**PROBLEM TO WORK ON**
Return exactly, with nothing added, the lines from the one that contains "Okay, so now" through the end of the listing below, pictures excluded.

#### SUPPLIED INFORMATION

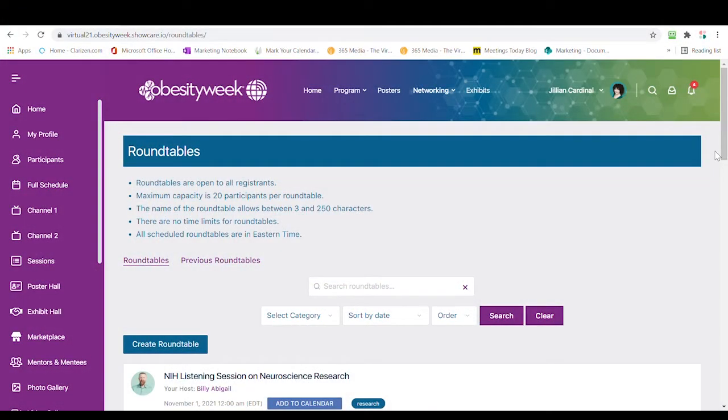Roundtables will be open throughout the whole conference and they are a great way to learn, collaborate, mentor, socialize, and engage with others.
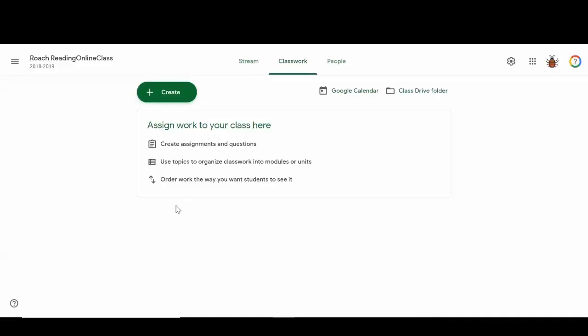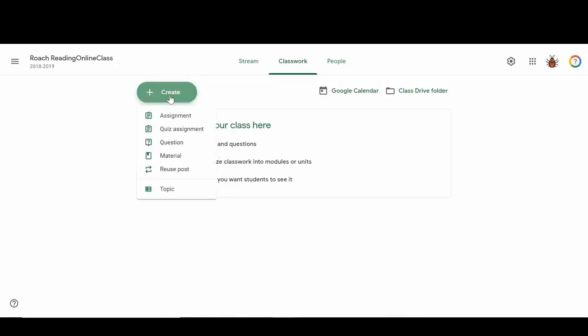Okay, so now we're going to talk about the Classwork tab. This is the Classwork tab that doesn't have anything added to it. I love the little suggestions before you begin adding your assignments. This button right here, Create...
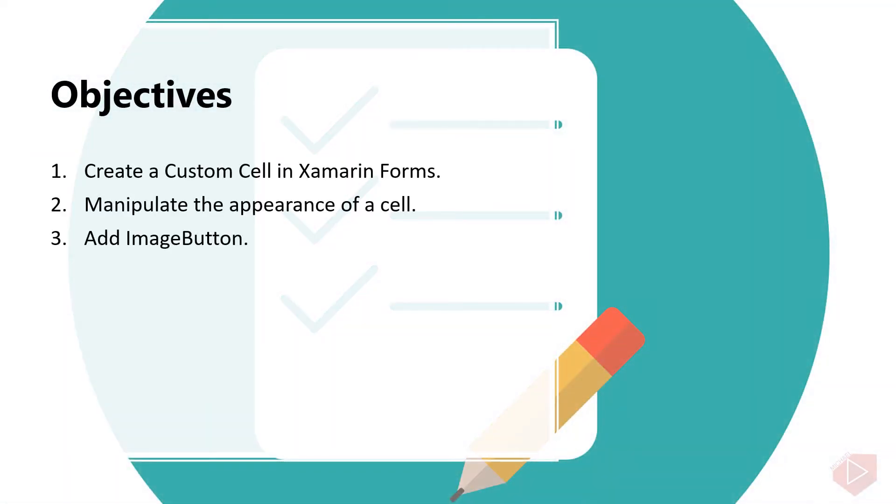Good day everyone, I'm Michael, and I'm using a text-to-speech program to have more clear speech and audio. In this video lesson, you will learn the following: create a Xamarin Forms custom cell to manipulate the appearance of a cell, and add image buttons.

########

**ANSWER SPACE**
Okay, so now we're going to talk about the Classwork tab. This is the Classwork tab that doesn't have anything added to it. I love the little suggestions before you begin adding your assignments. This button right here, Create...
Good day everyone, I'm Michael, and I'm using a text-to-speech program to have more clear speech and audio. In this video lesson, you will learn the following: create a Xamarin Forms custom cell to manipulate the appearance of a cell, and add image buttons.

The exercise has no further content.